**TRY IT**: Among the lines of the listing below, retype exactly those from the one containing "A whimsically decorated" through the one containing "1964 Stingray &nbsp;Gerry", both included. Do not include pictures.

**SUPPLIED RECORDS**:
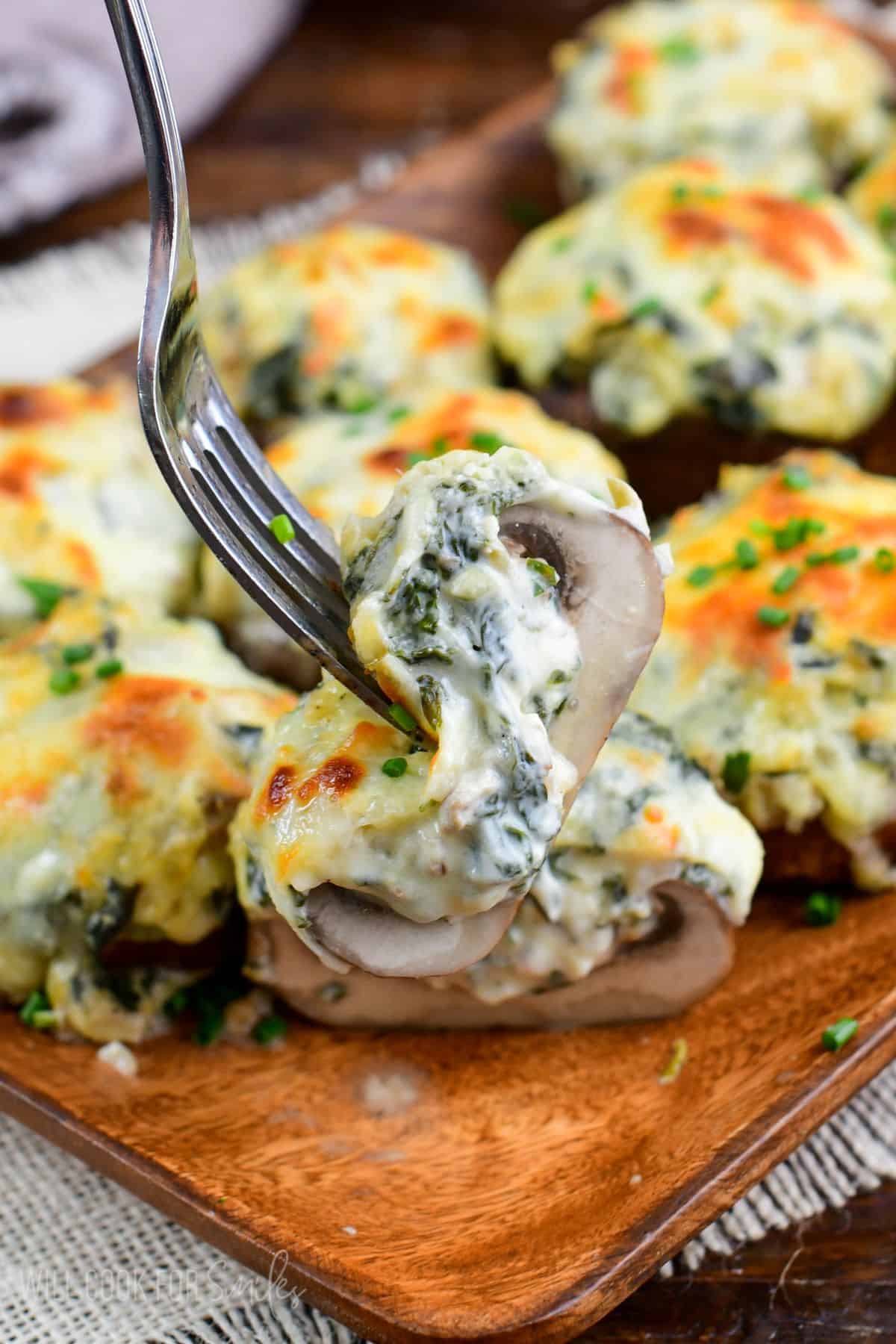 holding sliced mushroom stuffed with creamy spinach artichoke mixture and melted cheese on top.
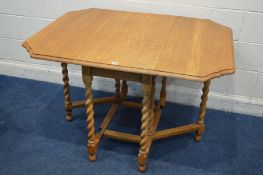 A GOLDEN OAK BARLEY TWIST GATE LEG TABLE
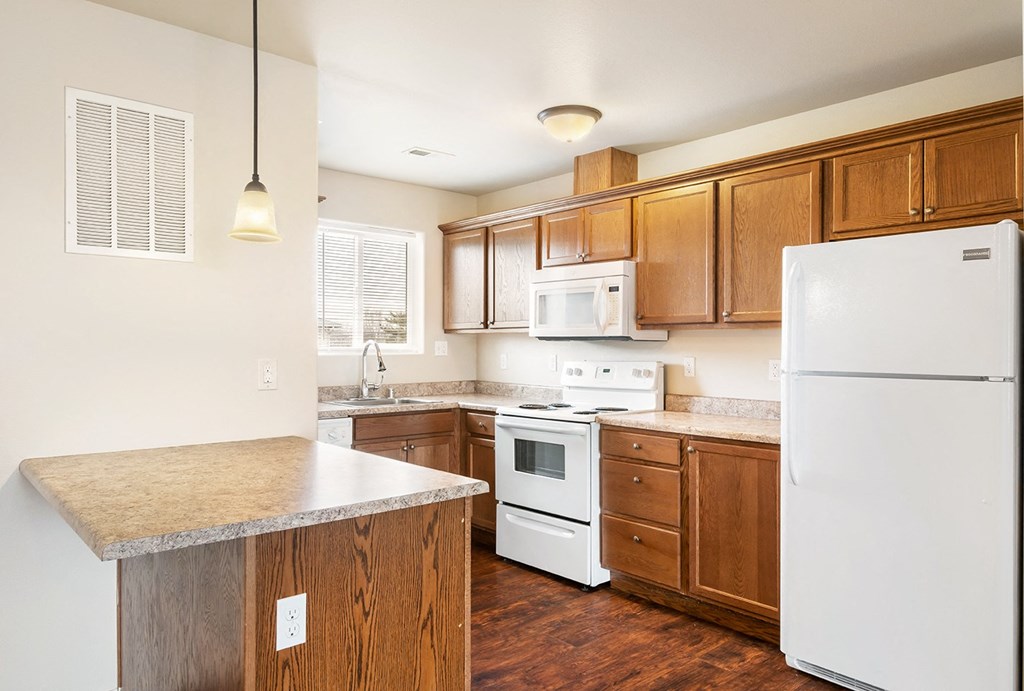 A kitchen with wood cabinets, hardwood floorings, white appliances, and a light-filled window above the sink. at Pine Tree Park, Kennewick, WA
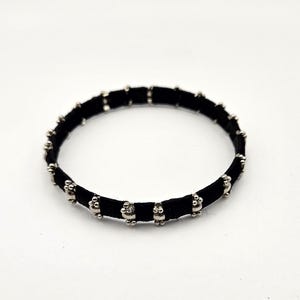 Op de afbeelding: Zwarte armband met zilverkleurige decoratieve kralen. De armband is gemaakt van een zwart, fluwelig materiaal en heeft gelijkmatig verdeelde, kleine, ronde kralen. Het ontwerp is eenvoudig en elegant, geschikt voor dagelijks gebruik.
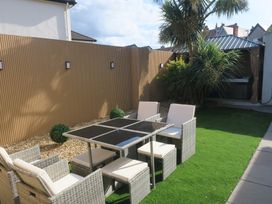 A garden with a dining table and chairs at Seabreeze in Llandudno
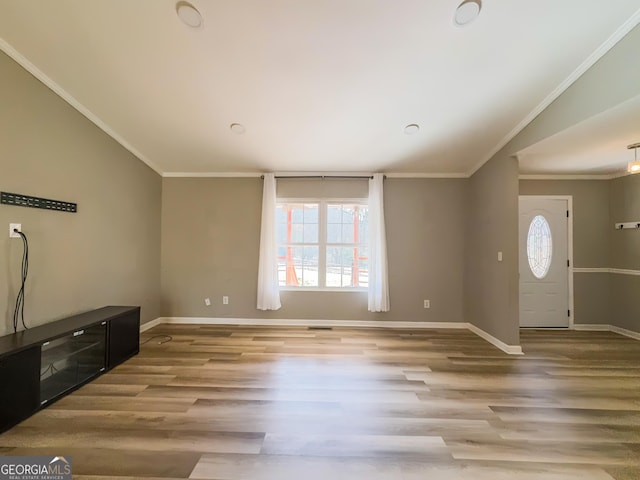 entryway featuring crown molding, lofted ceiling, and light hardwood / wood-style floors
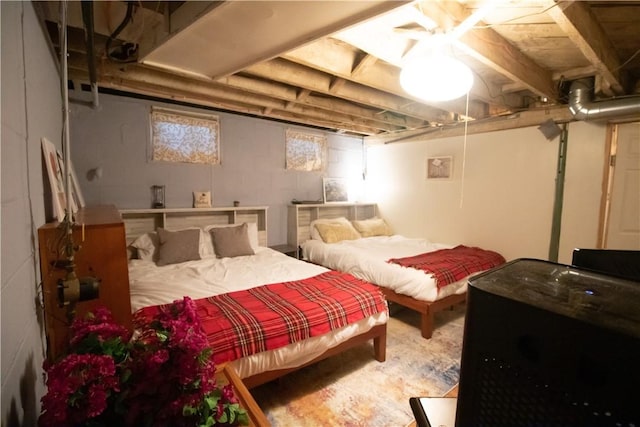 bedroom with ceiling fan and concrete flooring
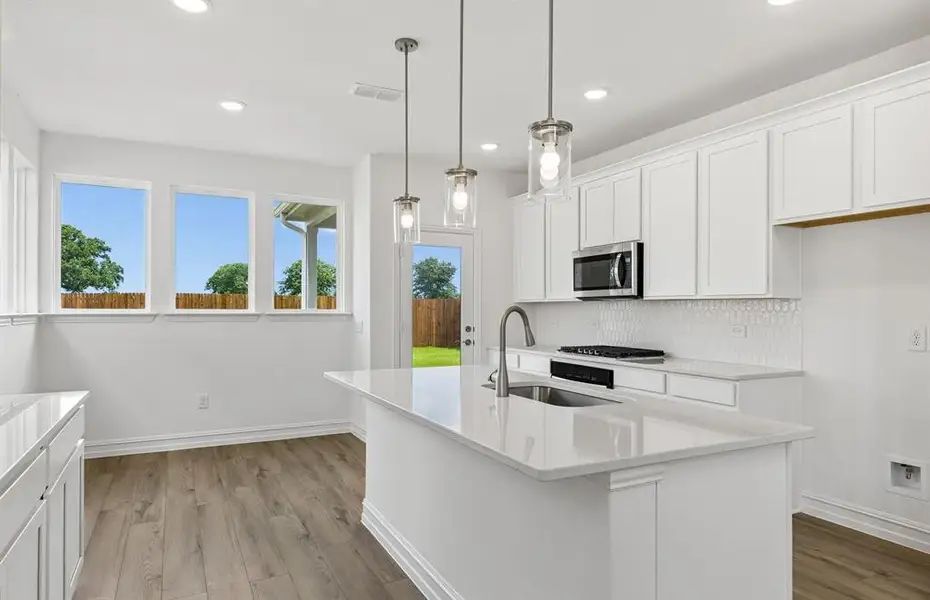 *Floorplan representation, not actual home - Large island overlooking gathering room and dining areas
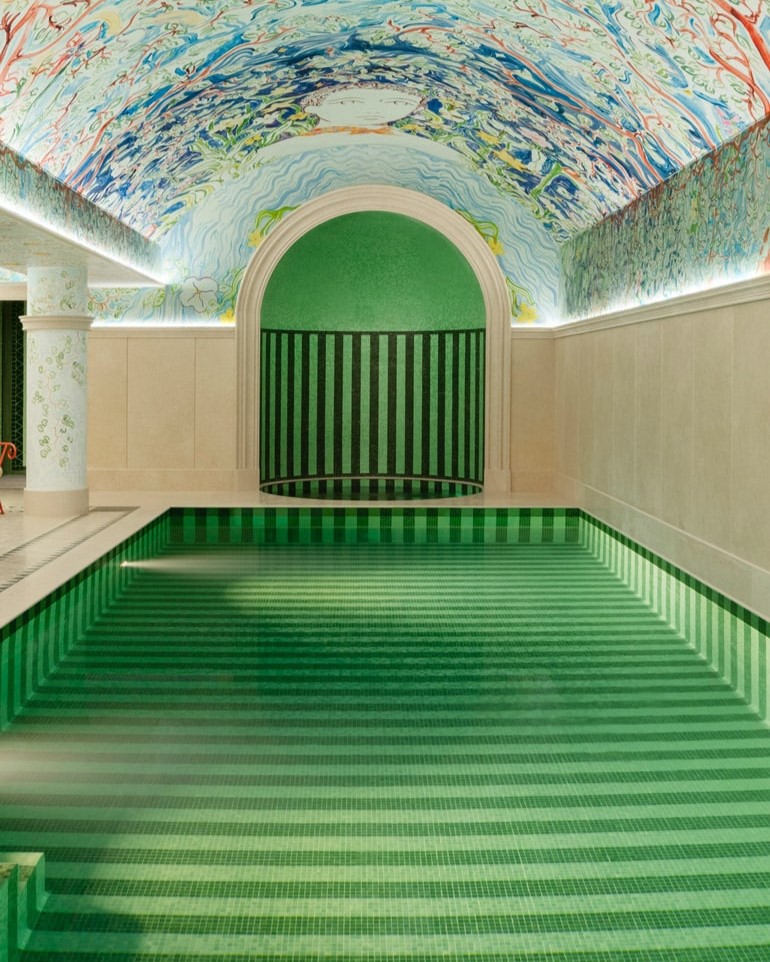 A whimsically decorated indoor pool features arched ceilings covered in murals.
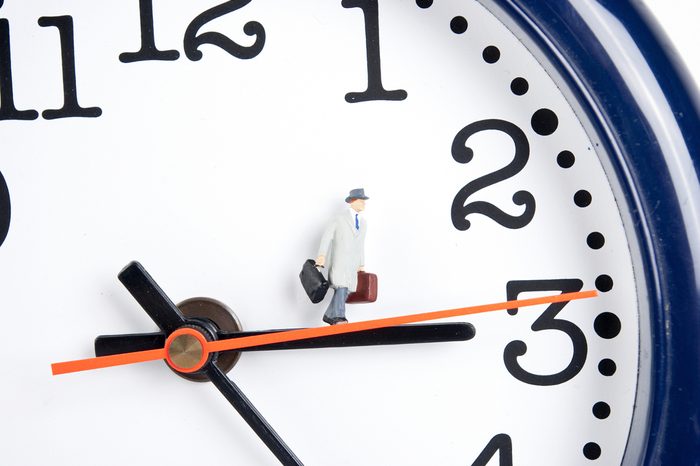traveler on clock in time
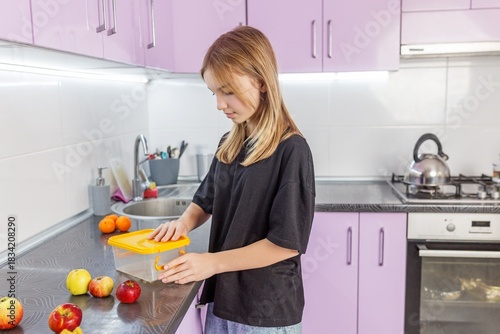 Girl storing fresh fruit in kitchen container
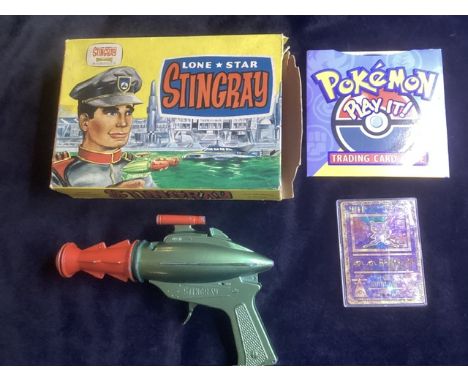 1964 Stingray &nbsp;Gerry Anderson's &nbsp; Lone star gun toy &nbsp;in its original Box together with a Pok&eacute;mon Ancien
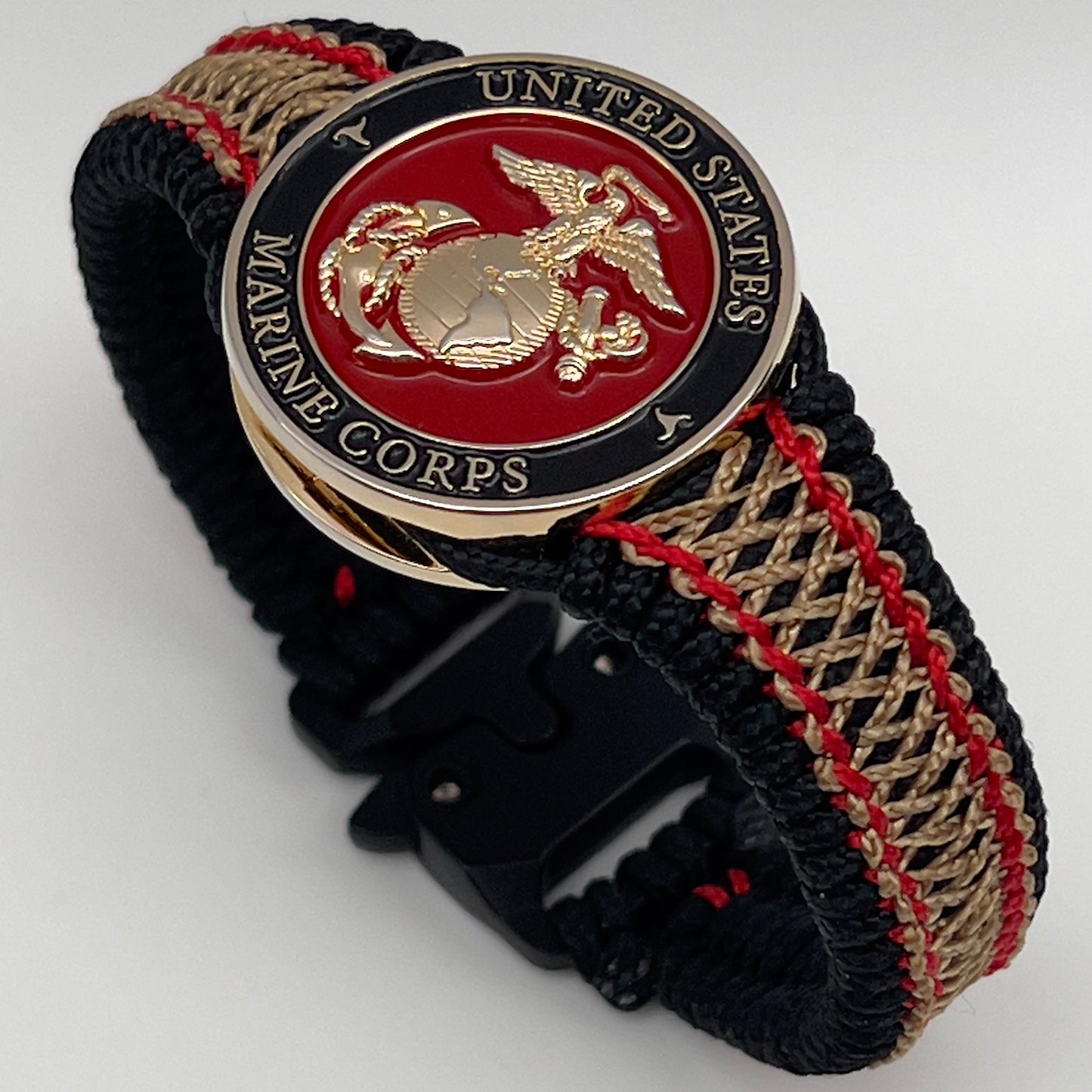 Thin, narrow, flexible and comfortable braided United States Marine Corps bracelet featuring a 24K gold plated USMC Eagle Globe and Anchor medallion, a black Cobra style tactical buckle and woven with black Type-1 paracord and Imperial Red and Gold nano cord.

**TASK OUTPUT**:
 A whimsically decorated indoor pool features arched ceilings covered in murals.
traveler on clock in time
 Girl storing fresh fruit in kitchen container
 1964 Stingray &nbsp;Gerry Anderson's &nbsp; Lone star gun toy &nbsp;in its original Box together with a Pok&eacute;mon Ancien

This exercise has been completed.